Farra deae micaeque licet salientis honorem
Detis et in veteres turea grana focos,
et, si tura aberunt, unctas accendite taedas:
parva bonae Cereri, sint modo casta, placent.
Ovidio, Fasti IV
I doni della dea, e le semplici offerte a lei degli antichi popoli italici! Kerres o Kerria, così la chiamavano gli osci e gli umbri, i romani Ceres, era antichissima divinità indigena. Dea della fertilità, che dà abbondanti raccolti, era associata a Liber Pater, il dio agreste del vino che aveva per compagna Libera e seguita da uno stuolo di numi per ogni particolare lavoro agreste, tutti numi utili e benevoli, agente ognun d’essi secondo la propria natura: Obarator, l’aratore, Sarritor, il sarchiatore, Messor, il mietitore, Insitor, l’innestatore, Imporcitor, il seminatore, Occator, l’erpicatore, Conditor, il magazziniere, Vervactor, il curatore del fieno maggese, Subruncator, l’interratore. Tutti questi dei indigeti presiedevano con ordine e minuta attenzione ai vari lavori del campo coltivo. A voi, giovani d’oggi, sarà difficile immaginare a quale ardua disciplina e a quali gravose attenzioni doveva esser rivolta la mente e il braccio di un agricoltore di quei tempi; non si trattava di gesti automatici ma di azioni ponderate, adeguate al caso e responsabilmente eseguite; al contrario, l’operatore veniva abbandonato dal nume evocato per inettitudine, per l’ incapacità di realizzare nel qui ed ora; ciò comportando l’insuccesso, un cattivo esito del raccolto.
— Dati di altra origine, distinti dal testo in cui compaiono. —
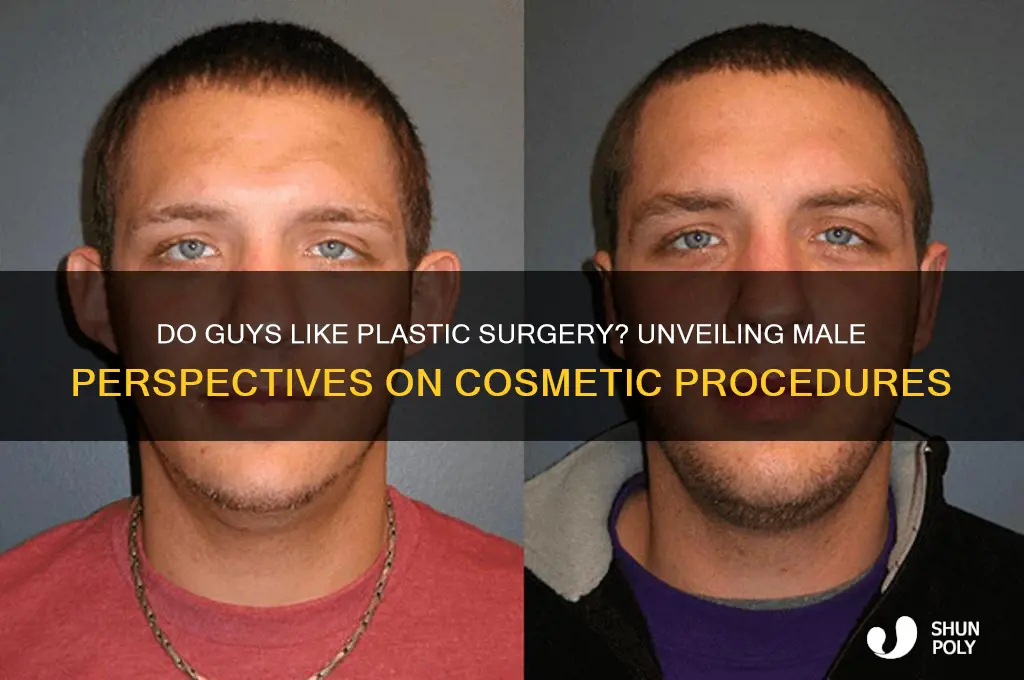 do guys like plastic surgery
Certamente, vi è difficile immaginarlo! Voi così curialeschi nel vantare, a destra e a manca, conoscenza e acquisizioni super-trascendentali, mentre siete riluttanti a dedicarvi alla proba fatica di sgonfiare il fatuo, ambizioso “io” e di edificarne uno un tantino più modesto, ma che vada incontro al disegno tracciato nei cieli della vostra Patria, al fine di risollevarne i destini e ricondurvi sani e puri al culto ancestrale. Ebbene, rivolgetevi alla dea coronata di spighe, a Kerres, colei che è il principio del crescere e dell’accrescere; la matrona severa, maestosa e dal bel profilo italico, la Ceres dei latini che reca tra le dita la spiga, l’unità da cui emana la numerosa semenza, e pregate che dentro di voi si spalanchi il Cereris mundus (il V.I.T.R.I.O.L.) affinché invasati dallo spirito di Cerere celeste, Madre terrestre dei semi, dei germi, dei feti, delle larve, Signora delle mutazioni, possa in voi prodursi un empito fecondo e con l’aiuto di potenti Mani rigenerarsi nelle vostre menti e nei vostri cuori il Patrio sentire; possiate così crescere operosi e divenire alberi fruttiferi.
Certo, non è facile; ma, tocca a voi! Il Padre rimarrà inflessibile. E sappiate: il menzognero, l’impuro, l’indegno, l’inetto, il prevaricatore non è ammesso alla presenza del Padre. (…) Pater ipse colendi/haut facilem esse viam voluit…
Durum a stirpe genus natos ad flumina primum
deferimus saevoque gelu duramus et undis;
venatu invigilant pueri silvasque fatigant,
flectere ludus equos et spicula tendere cornu.
At patiens operum parcoque adsueta iuventus
aut rastris terram domat aut quatit oppida bello.
Omne aevum ferro teritur, versaque iuvencum
terga fatigamus hasta, nec tarda senectus
debilitat viris animi mutatque vigorem:
canitiem galea premimus, semperque recentis
comportare iuvat praedas et vivere rapto.